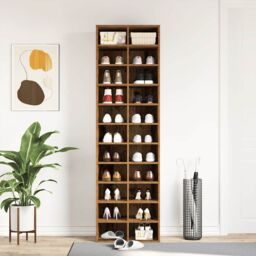 Berkfield Home Shoe Cabinet Old Wood 54x34x183 cm Engineered Wood in Brown - Size: 54 x 34 x 183 cm - thumbnail 4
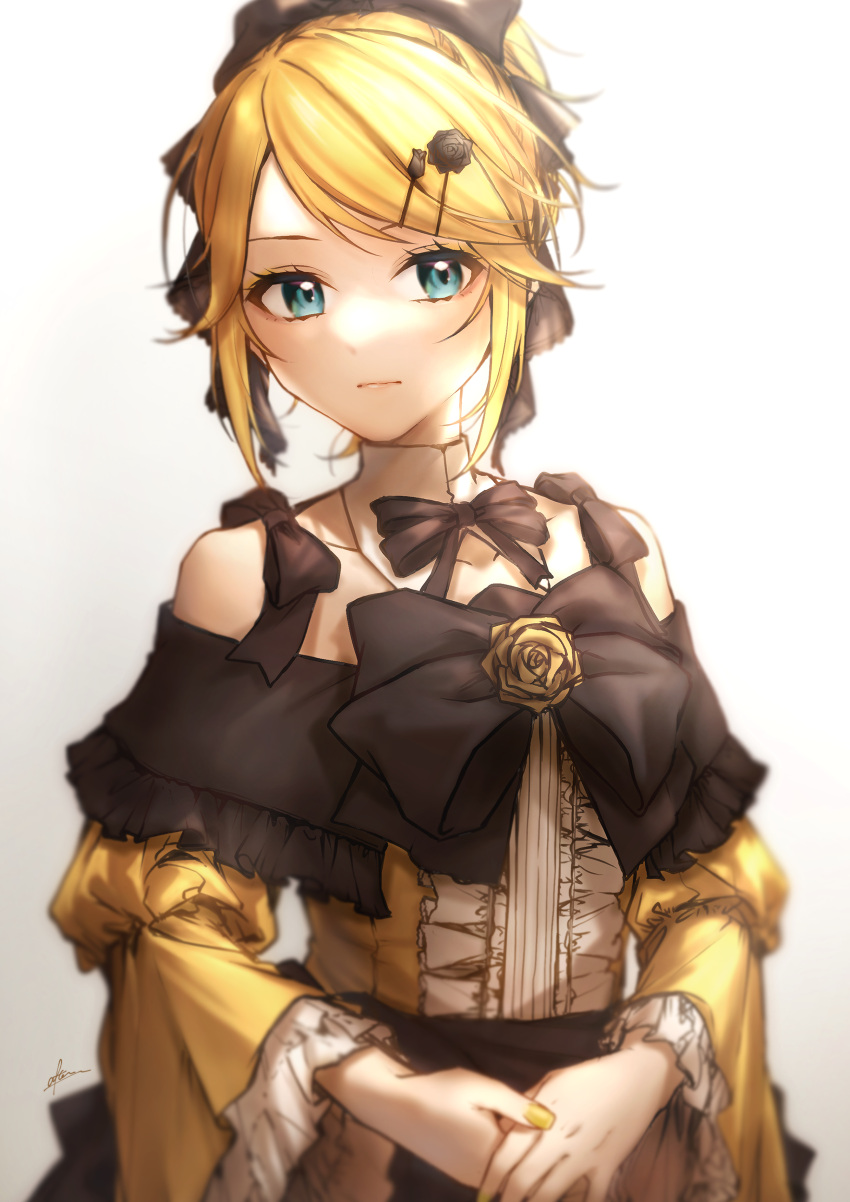 1girl absurdres after0217 aku_no_musume_(vocaloid) black_bow blonde_hair blue_eyes bow detached_collar dress dress_bow dress_flower evillious_nendaiki expressionless frilled_dress frilled_sleeves frills hair_bow hair_ornament hairclip highres kagamine_rin looking_at_viewer miku_symphony_(vocaloid) off-shoulder_dress off_shoulder own_hands_together riliane_lucifen_d'autriche serious solo swept_bangs vocaloid wide_sleeves yellow_dress yellow_nails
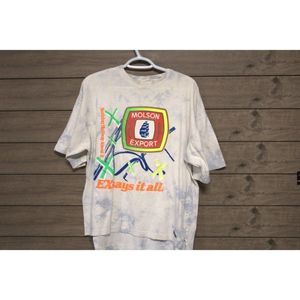 Vintage Men's Tie Dyed Molson Export Tee Size Large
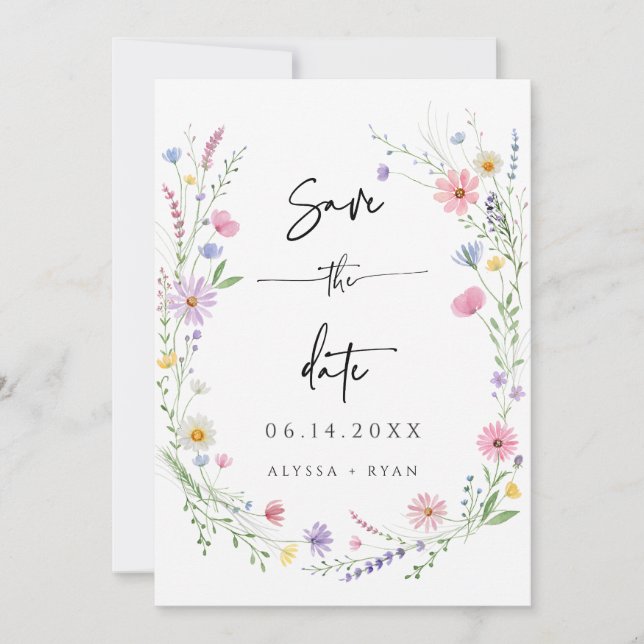 Convites Delicate Wildflower Wedding Save the Date Card (Frente)
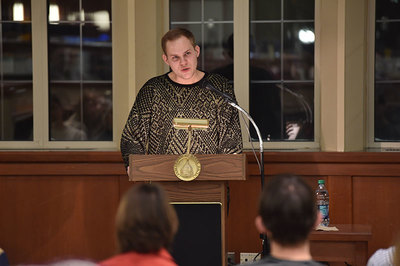 Paul Cunningham at a reading at Hammes Notre Dame Bookstore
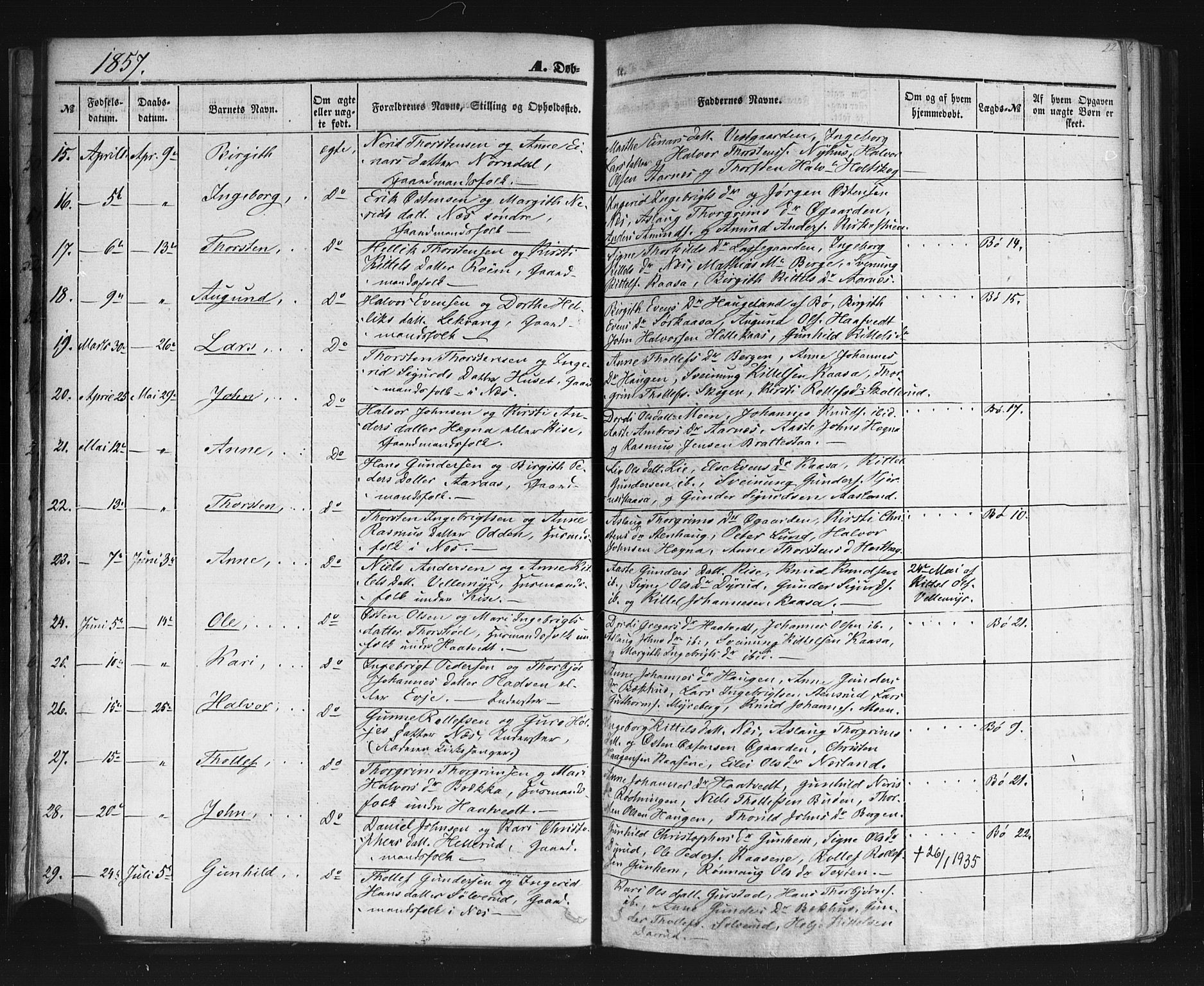 Sauherad kirkebøker, AV/SAKO-A-298/F/Fb/L0001: Ministerialbok nr. II 1, 1851-1877, s. 22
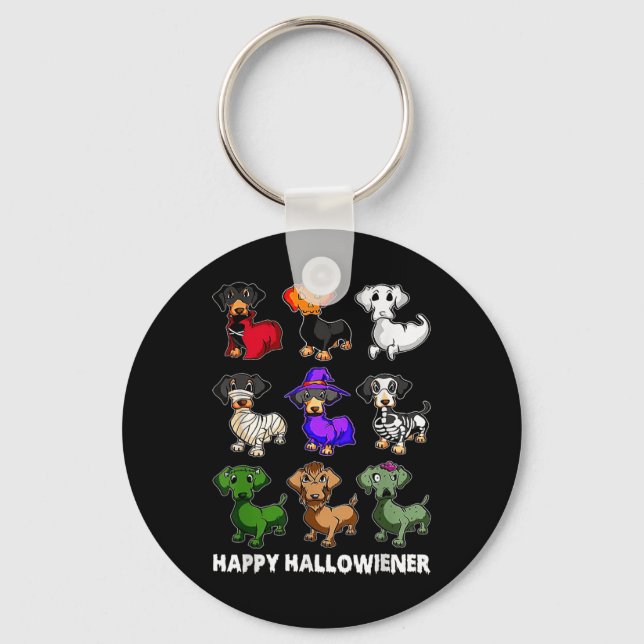 Chaveiro Dachshund Happy Halloweiner Diversão Halloween Cãe (Frente)
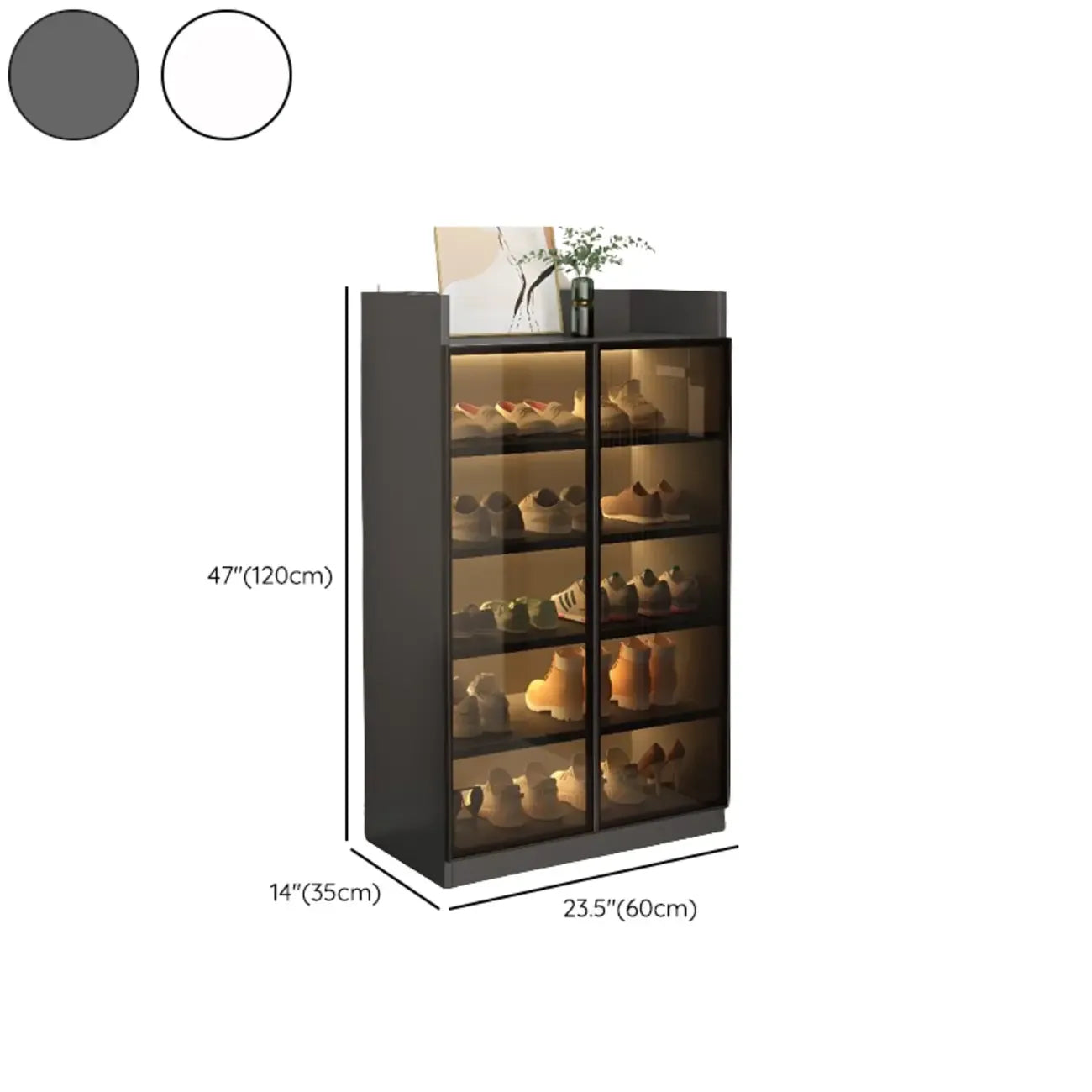 Scarpiera illuminata a LED con ripiani regolabili e ante trasparenti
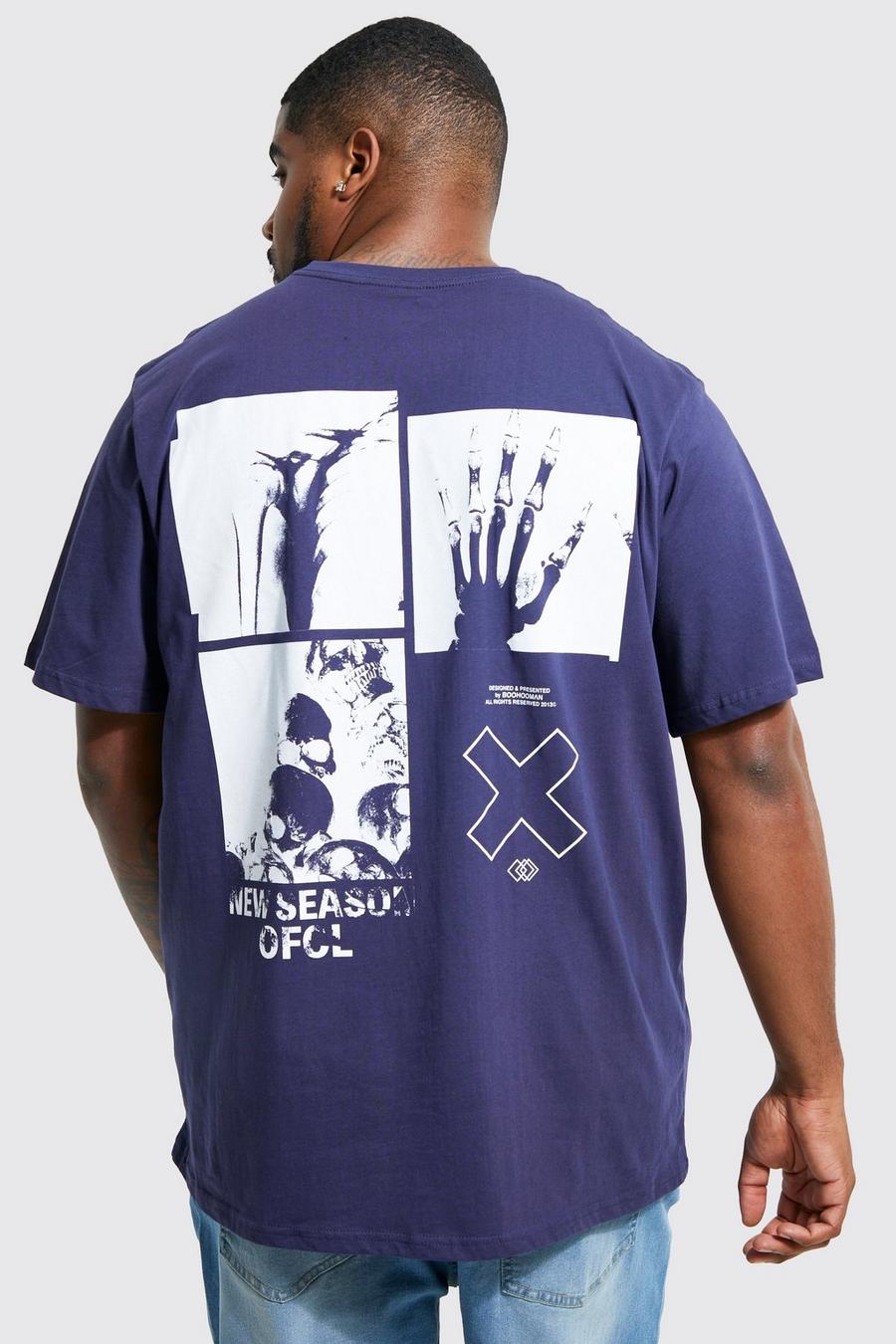 Grande taille - T-shirt à imprimé squelette au dos, Navy image number 1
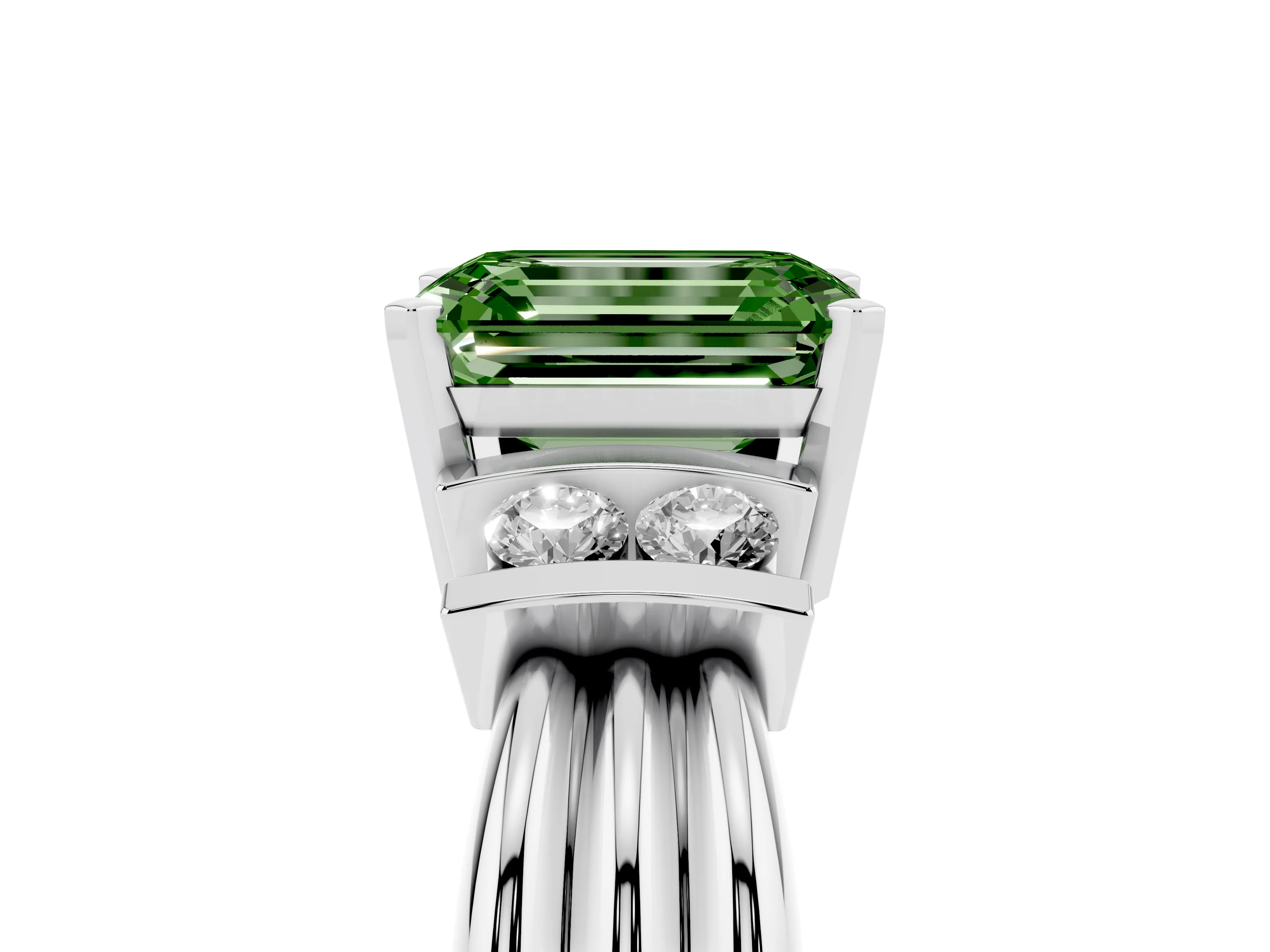 Fancy Green Three-Stone Emerald Cut Diamond Channel Set Ring Set in Silver with Bar Prongs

What to do: Would you reproduce the lines from the one with "Convites Delicate Wildflower" through the final line of the data above, exactly and only those, without any pictures?

Result:
 Convites Delicate Wildflower Wedding Save the Date Card (Frente)
 Paul Cunningham at a reading at Hammes Notre Dame Bookstore
 Sauherad kirkebøker, AV/SAKO-A-298/F/Fb/L0001: Ministerialbok nr. II 1, 1851-1877, s. 22
 Chaveiro Dachshund Happy Halloweiner Diversão Halloween Cãe (Frente)
 Scarpiera illuminata a LED con ripiani regolabili e ante trasparenti
 Grande taille - T-shirt à imprimé squelette au dos, Navy image number 1
 Fancy Green Three-Stone Emerald Cut Diamond Channel Set Ring Set in Silver with Bar Prongs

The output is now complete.